Record set>
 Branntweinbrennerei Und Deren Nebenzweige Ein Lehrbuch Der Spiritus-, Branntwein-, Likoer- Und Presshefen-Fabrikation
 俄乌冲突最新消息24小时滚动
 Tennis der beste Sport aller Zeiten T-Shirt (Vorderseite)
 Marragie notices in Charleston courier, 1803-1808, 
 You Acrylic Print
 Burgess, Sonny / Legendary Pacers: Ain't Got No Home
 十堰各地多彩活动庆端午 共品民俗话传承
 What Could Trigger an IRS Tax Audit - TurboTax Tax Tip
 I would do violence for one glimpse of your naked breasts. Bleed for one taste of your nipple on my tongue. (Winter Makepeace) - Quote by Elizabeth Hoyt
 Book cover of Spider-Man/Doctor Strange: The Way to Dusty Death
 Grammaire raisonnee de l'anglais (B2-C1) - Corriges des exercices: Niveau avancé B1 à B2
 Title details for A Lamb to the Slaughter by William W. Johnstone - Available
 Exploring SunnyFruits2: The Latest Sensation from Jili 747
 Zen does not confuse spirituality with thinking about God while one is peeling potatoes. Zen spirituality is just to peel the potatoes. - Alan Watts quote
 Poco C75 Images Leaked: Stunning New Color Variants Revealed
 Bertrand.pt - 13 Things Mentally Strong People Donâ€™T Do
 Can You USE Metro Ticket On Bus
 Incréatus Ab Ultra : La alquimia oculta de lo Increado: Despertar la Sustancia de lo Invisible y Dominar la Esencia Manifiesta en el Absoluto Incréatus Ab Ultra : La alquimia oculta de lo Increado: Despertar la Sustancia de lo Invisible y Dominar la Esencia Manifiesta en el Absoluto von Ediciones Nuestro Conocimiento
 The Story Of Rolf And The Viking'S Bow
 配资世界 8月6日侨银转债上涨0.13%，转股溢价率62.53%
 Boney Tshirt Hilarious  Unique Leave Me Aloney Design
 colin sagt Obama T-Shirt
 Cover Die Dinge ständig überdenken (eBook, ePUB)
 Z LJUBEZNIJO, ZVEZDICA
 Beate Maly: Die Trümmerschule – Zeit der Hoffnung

Activity> Please set down all of the records exactly.

Solution>
 Branntweinbrennerei Und Deren Nebenzweige Ein Lehrbuch Der Spiritus-, Branntwein-, Likoer- Und Presshefen-Fabrikation
 俄乌冲突最新消息24小时滚动
 Tennis der beste Sport aller Zeiten T-Shirt (Vorderseite)
 Marragie notices in Charleston courier, 1803-1808, 
 You Acrylic Print
 Burgess, Sonny / Legendary Pacers: Ain't Got No Home
 十堰各地多彩活动庆端午 共品民俗话传承
 What Could Trigger an IRS Tax Audit - TurboTax Tax Tip
 I would do violence for one glimpse of your naked breasts. Bleed for one taste of your nipple on my tongue. (Winter Makepeace) - Quote by Elizabeth Hoyt
 Book cover of Spider-Man/Doctor Strange: The Way to Dusty Death
 Grammaire raisonnee de l'anglais (B2-C1) - Corriges des exercices: Niveau avancé B1 à B2
 Title details for A Lamb to the Slaughter by William W. Johnstone - Available
 Exploring SunnyFruits2: The Latest Sensation from Jili 747
 Zen does not confuse spirituality with thinking about God while one is peeling potatoes. Zen spirituality is just to peel the potatoes. - Alan Watts quote
 Poco C75 Images Leaked: Stunning New Color Variants Revealed
 Bertrand.pt - 13 Things Mentally Strong People Donâ€™T Do
 Can You USE Metro Ticket On Bus
 Incréatus Ab Ultra : La alquimia oculta de lo Increado: Despertar la Sustancia de lo Invisible y Dominar la Esencia Manifiesta en el Absoluto Incréatus Ab Ultra : La alquimia oculta de lo Increado: Despertar la Sustancia de lo Invisible y Dominar la Esencia Manifiesta en el Absoluto von Ediciones Nuestro Conocimiento
 The Story Of Rolf And The Viking'S Bow
 配资世界 8月6日侨银转债上涨0.13%，转股溢价率62.53%
 Boney Tshirt Hilarious  Unique Leave Me Aloney Design
 colin sagt Obama T-Shirt
 Cover Die Dinge ständig überdenken (eBook, ePUB)
 Z LJUBEZNIJO, ZVEZDICA
 Beate Maly: Die Trümmerschule – Zeit der Hoffnung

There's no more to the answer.